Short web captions
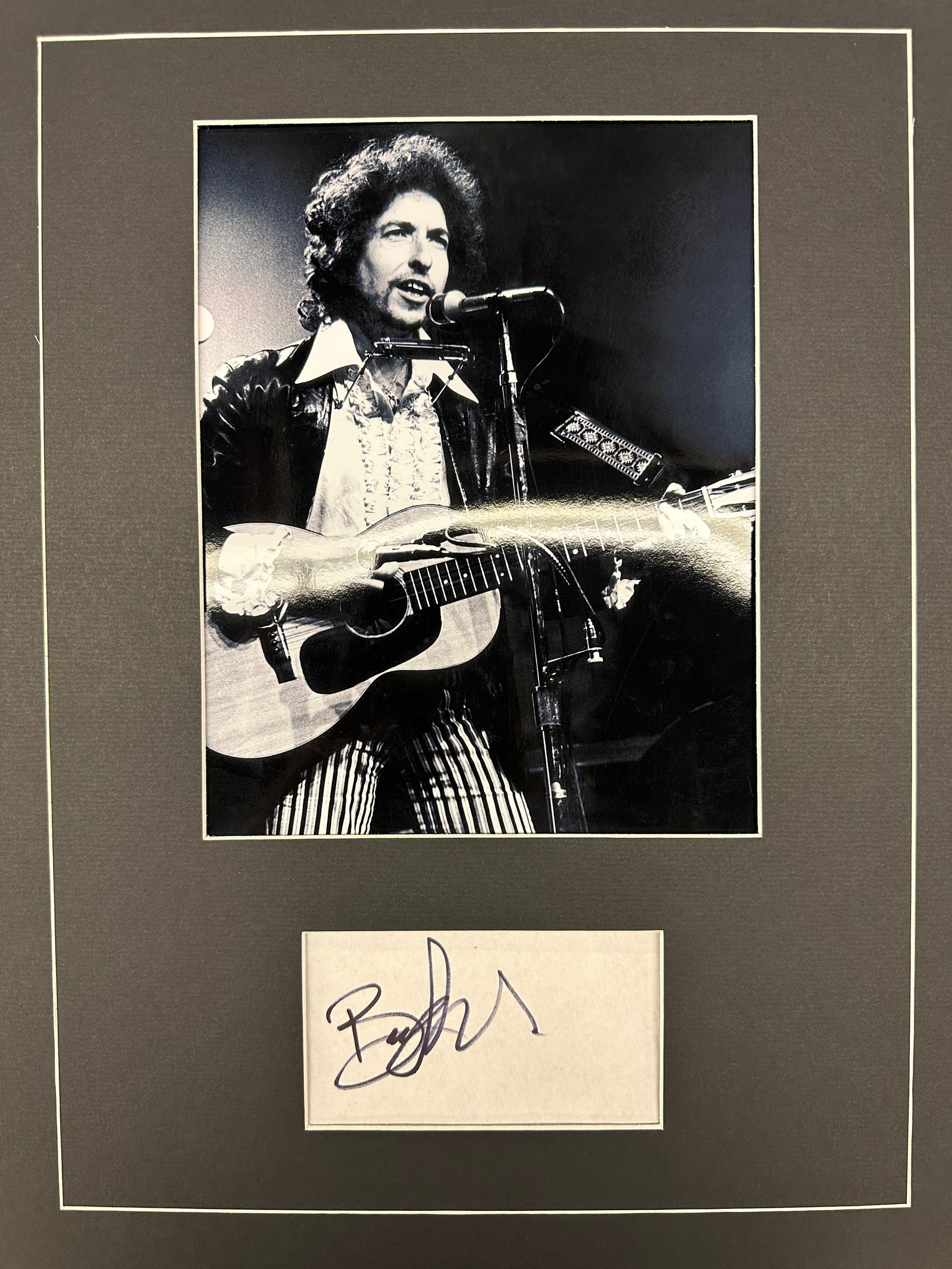 Bob Dylan Autograph Display (1 of 1)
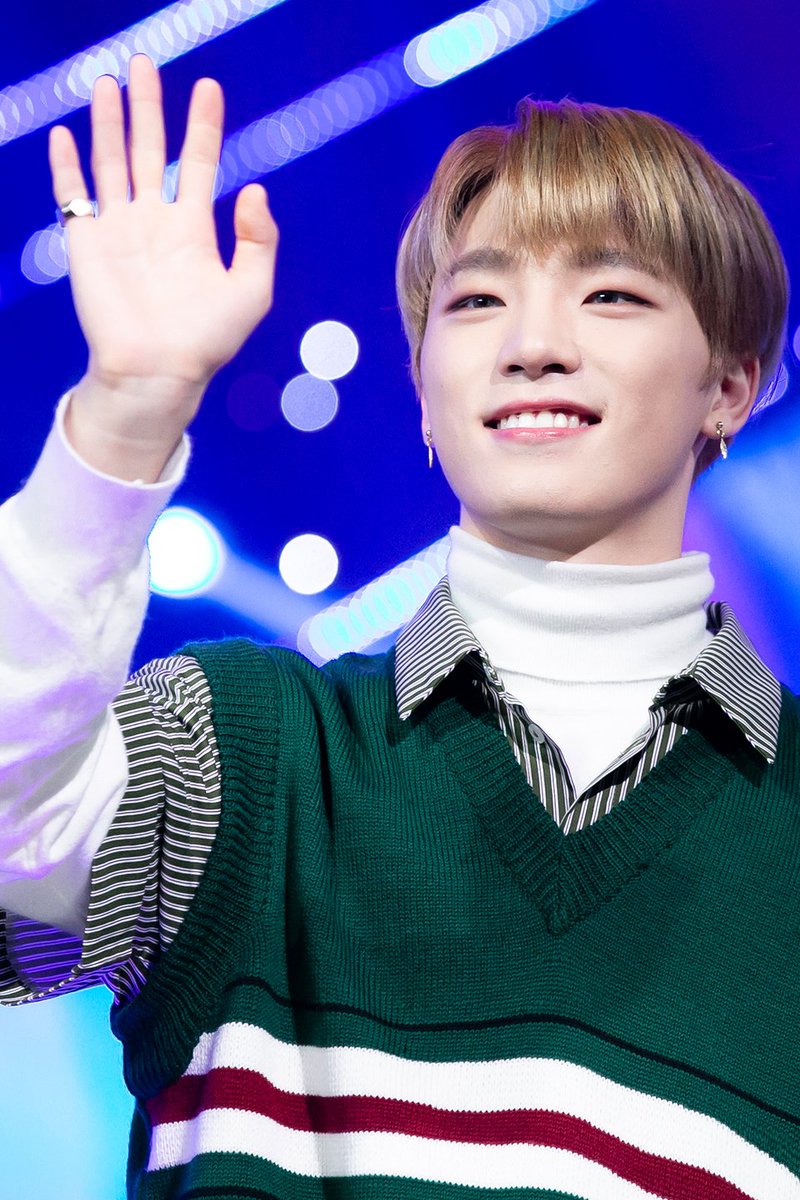 SBSNOW's tweet photo. #습덕후의_습격 [습덕후가 격하게 아끼는 짤]

울 찬이 입꼬리에 보험 들어주실 분 ❤ 우젤귀 디노~
인기가요 미공개 고화질 컷 툭🙌

#세븐틴 #Seventeen #에스쿱스 #정한 #조슈아 #준 #호시 #원우 #우지 #디에잇 #민규 #도겸 #승관 #버논 #디노 #인기가요 #INKIGAYO 

🔦주의 : 하드털다 심장털림🔦 https://t.co/H87A4Pr5V9
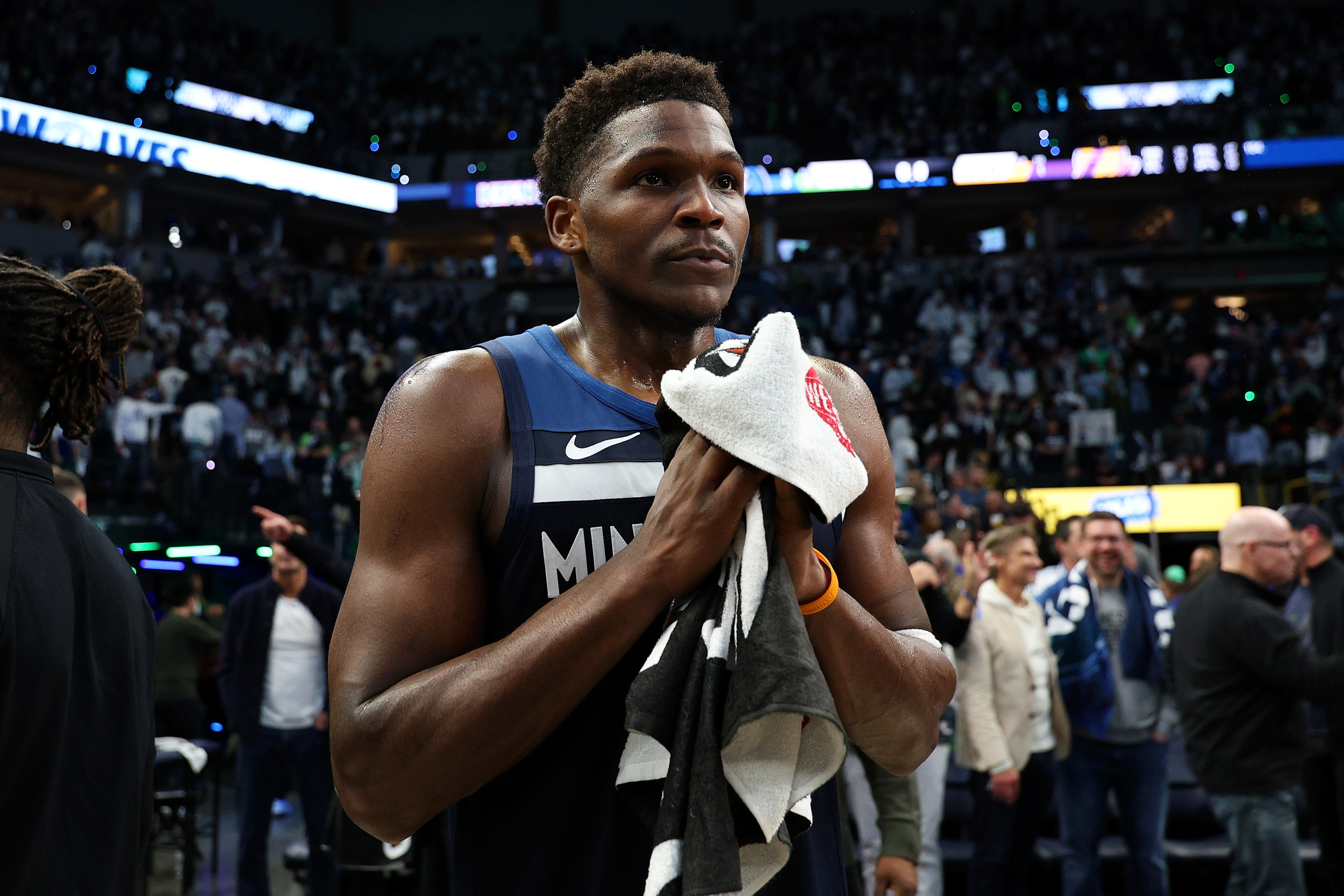 Best Timberwolves vs. Lakers Player Props, ATS Bets: LA On The Ropes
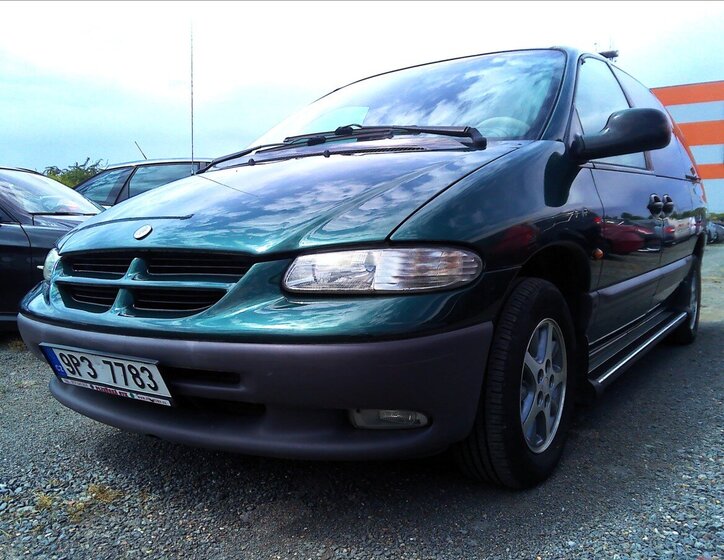Chrysler Grand Voyager Kombi 3,3 l 116 kw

→ **ASSIGNED TASK**
Transcribe exactly each line of the records from the start up to and including the one with "Best Timberwolves vs.", and leave out every picture.

→ **WRITTEN ANSWER**
 Bob Dylan Autograph Display (1 of 1)
 SBSNOW's tweet photo. #습덕후의_습격 [습덕후가 격하게 아끼는 짤]

울 찬이 입꼬리에 보험 들어주실 분 ❤ 우젤귀 디노~
인기가요 미공개 고화질 컷 툭🙌

#세븐틴 #Seventeen #에스쿱스 #정한 #조슈아 #준 #호시 #원우 #우지 #디에잇 #민규 #도겸 #승관 #버논 #디노 #인기가요 #INKIGAYO 

🔦주의 : 하드털다 심장털림🔦 https://t.co/H87A4Pr5V9
 Best Timberwolves vs. Lakers Player Props, ATS Bets: LA On The Ropes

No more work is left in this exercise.